Input for this task >>
════════════════════

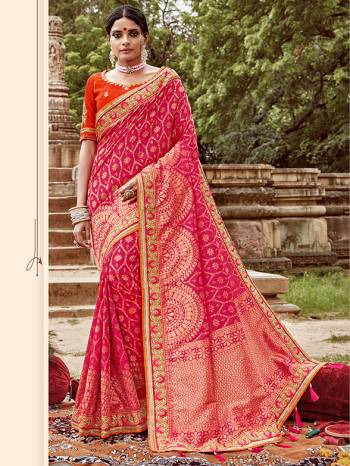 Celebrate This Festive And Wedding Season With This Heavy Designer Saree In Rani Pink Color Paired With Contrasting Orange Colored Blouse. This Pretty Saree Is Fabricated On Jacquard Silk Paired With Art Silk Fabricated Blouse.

════════════════════

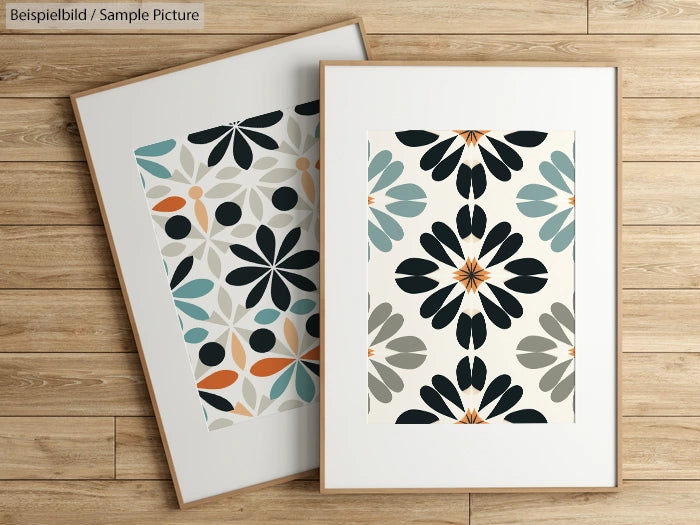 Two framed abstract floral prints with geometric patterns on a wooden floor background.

════════════════════

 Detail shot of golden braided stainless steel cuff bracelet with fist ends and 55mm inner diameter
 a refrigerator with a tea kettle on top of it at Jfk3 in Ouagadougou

════════════════════

How to complete this task >> Taking the lines above, repeat exactly those from the line that contains "Detail shot of" through the line that contains "a refrigerator with", and both of those lines as well. Include nothing else.

Task answer >>
 Detail shot of golden braided stainless steel cuff bracelet with fist ends and 55mm inner diameter
 a refrigerator with a tea kettle on top of it at Jfk3 in Ouagadougou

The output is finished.